Comunque, quella sera, ero veramente stracarica quando mi sono introdotta - bici, lavanderia ritirata e tutto - nell’ascensore azzurro col brutto pavimento di granito grigio e ho schiacciato il tasto del secondo piano, scala B, dove abito dal novembre del 2008. Il manubrio, piegato ad angolo acuto con sopra la montagnola di abiti e oggetti, ha avuto un involontario scossone quando ho allungato il braccio verso la pulsantiera… tanto che le sacche della lavanderia hanno incominciato a franare verso il basso, creando quell’inesorabile effetto “garandella” tipico della plastica trasparente. Per reazione ho agguantato il primo indumento della pila, il Twin-Set tricolore e, mentre lo riportavo con vigore verso l’alto, mi sono accorta che il fiocco centrale (oddio, oddio, oddio) non c’era più!

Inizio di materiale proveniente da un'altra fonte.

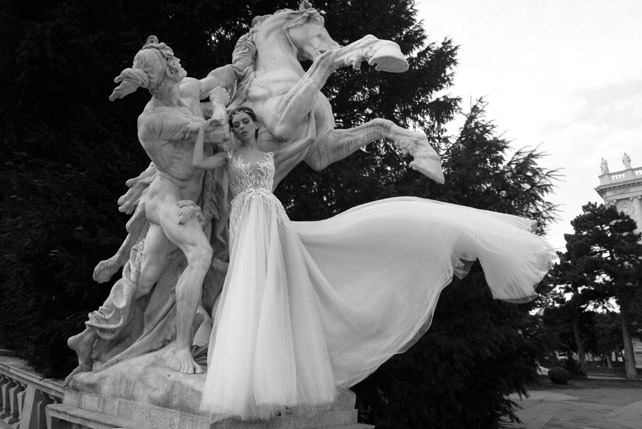 Коллекция свадебных платьев Ester Bridal Couture 2016 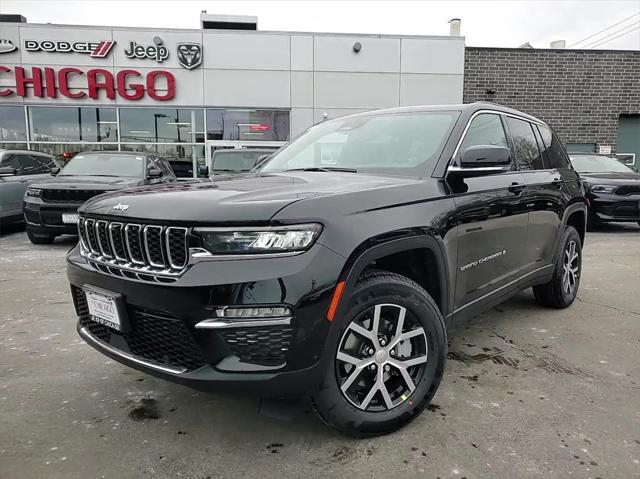 new 2025 Jeep Grand Cherokee car, priced at $45,731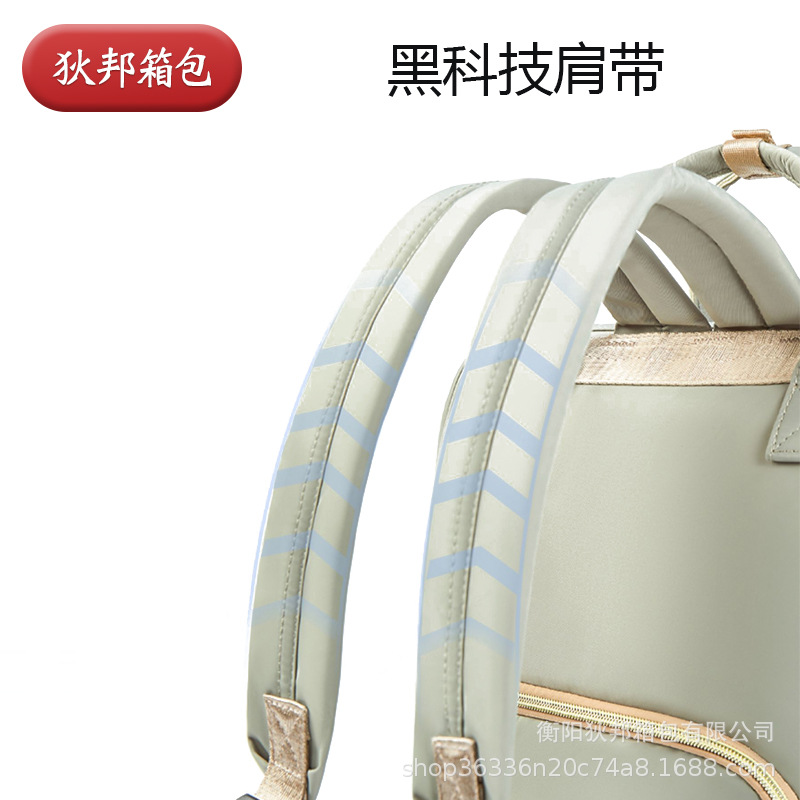 Amazon Cross-Border Mommy Bag Large Capacity Storage Bag Portable Baby Bag Waterproof Backpack New Backpack Specification drawing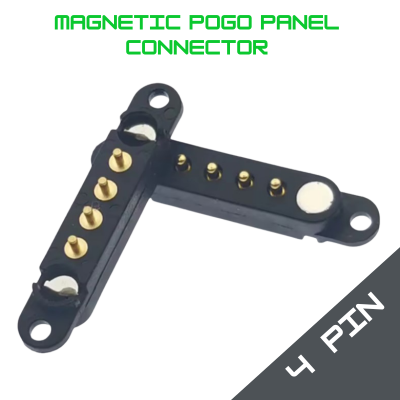 Pogo-pin Magnetic Connector (Male-Female Set)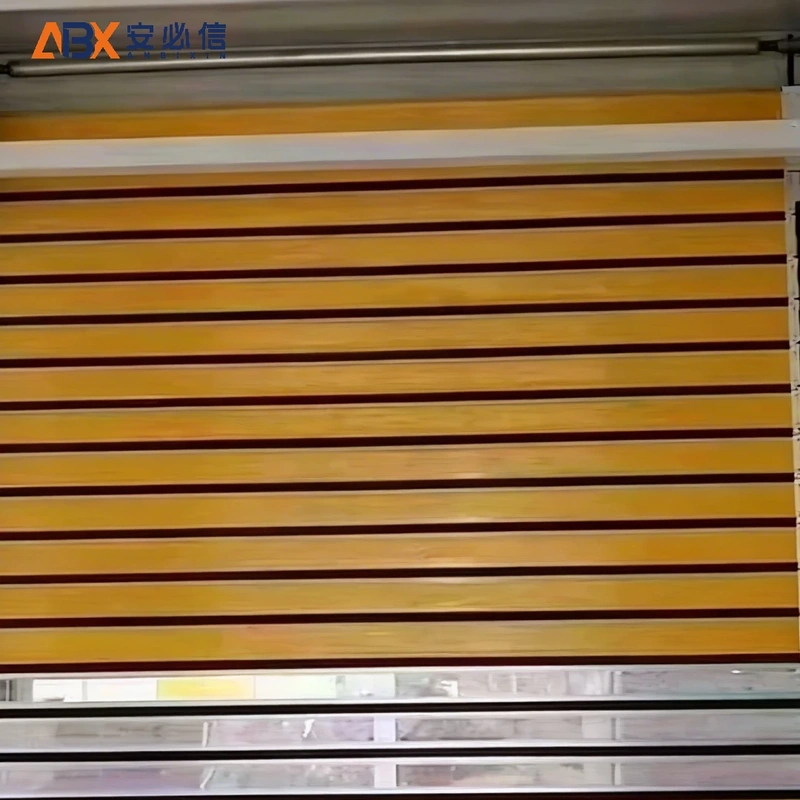 海口金属快速门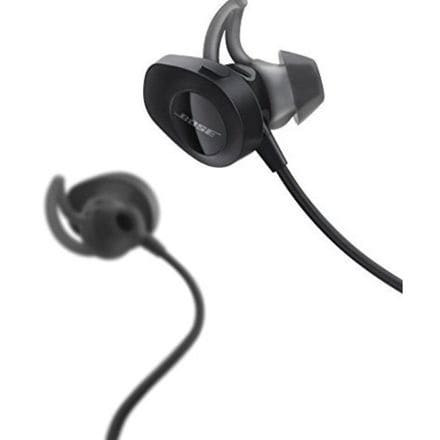 BOSE SoundSport wireless headphones ワイヤレスイヤホン ブラック Bluetooth 接続 マイク付 防滴 最大6時間 再生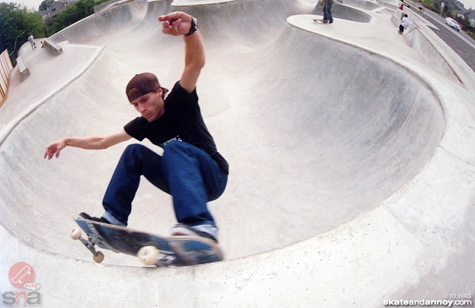 West Linn skatepark 2002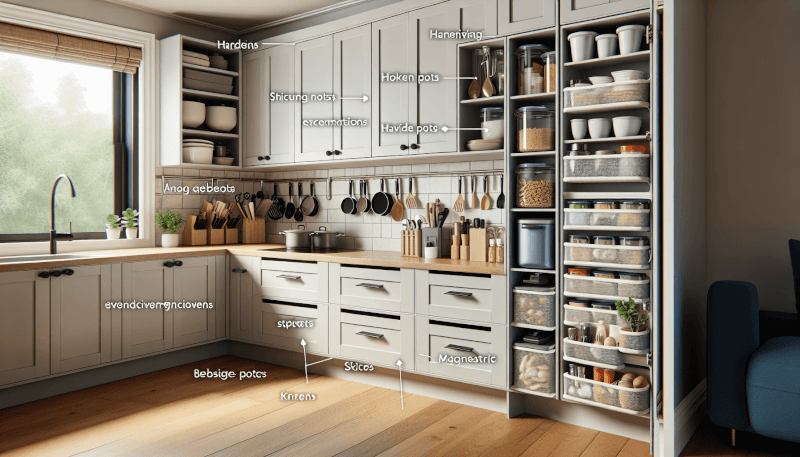 best ways to organize your kitchen for efficiency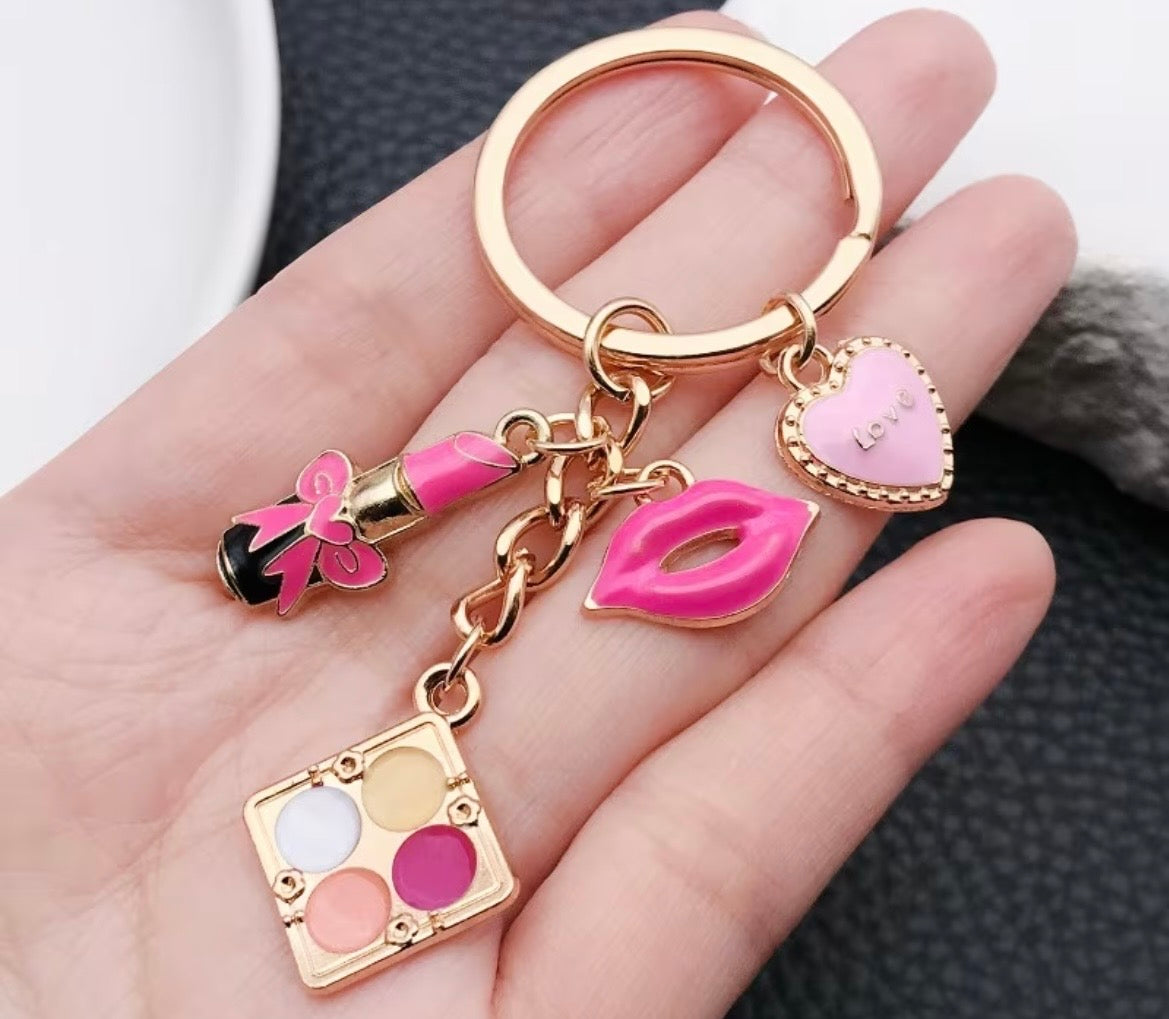 💄💋✨Y2K Glam Keychain
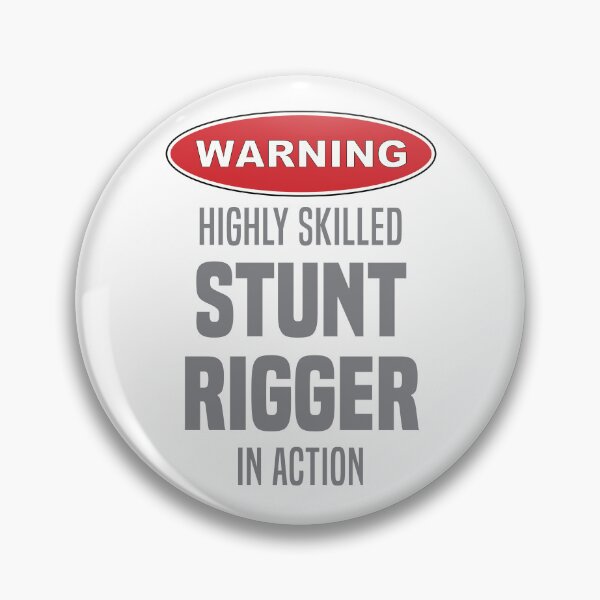 Item preview, Highly Skilled Stunt Rigger in Action designed and sold by NermilioDesigns.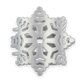 Snowflake Flat Hair Clip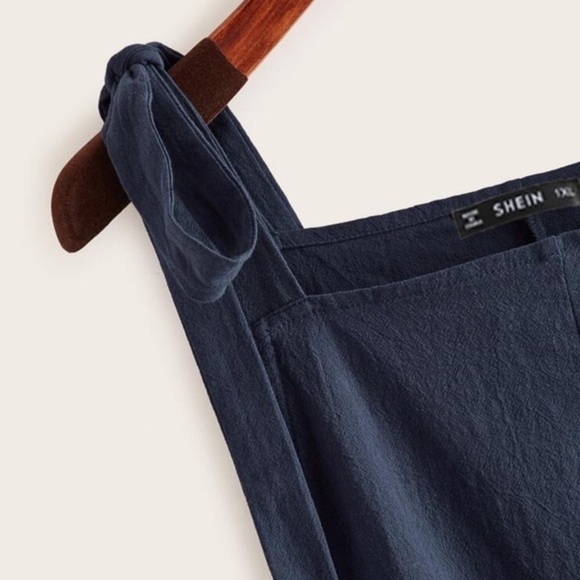 Shein Dark blue romper - Picture 2 of 4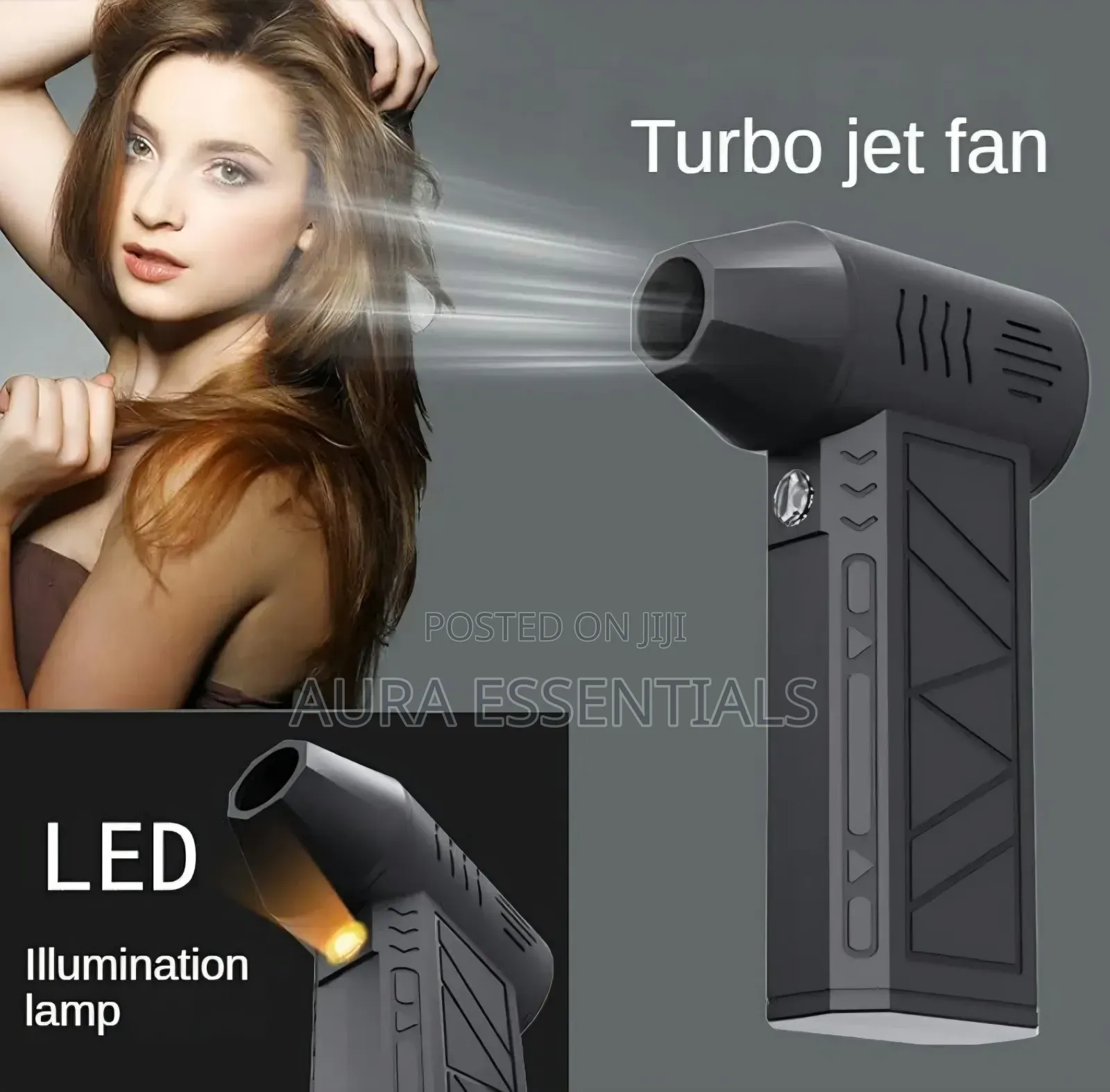 Rechargeable Turbo Mini Air Jet Blower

Ora, esistono fatti assai più gravi e ne sono del tutto consapevole.

Ma visto che l’attuale lavanderia è già frutto di un accorto screening dopo che il fornitore precedente mi aveva rovinato l’abito-coi-fiori-non-ancora-appassiti che indossavo l’ultima volta che ho cenato a casa di Tonino, sostenendo che a stingerlo ero stata io (notare bene che l’abito era ancora nella busta, col numeretto pinzato del negozio e la ricevuta del pagamento) e che comunque mi sarei dovuta lagnare “subito, dopo non valeva più”, mi è venuto un colpo.

Di nuovo cornuta e mazziata? Eh, no!

Così, ho aperto la porta di casa, ho appoggiato la bici contro il divano, ho sollevato dal mucchio selvaggio il vestito mutilato e sono ridiscesa a precipizio.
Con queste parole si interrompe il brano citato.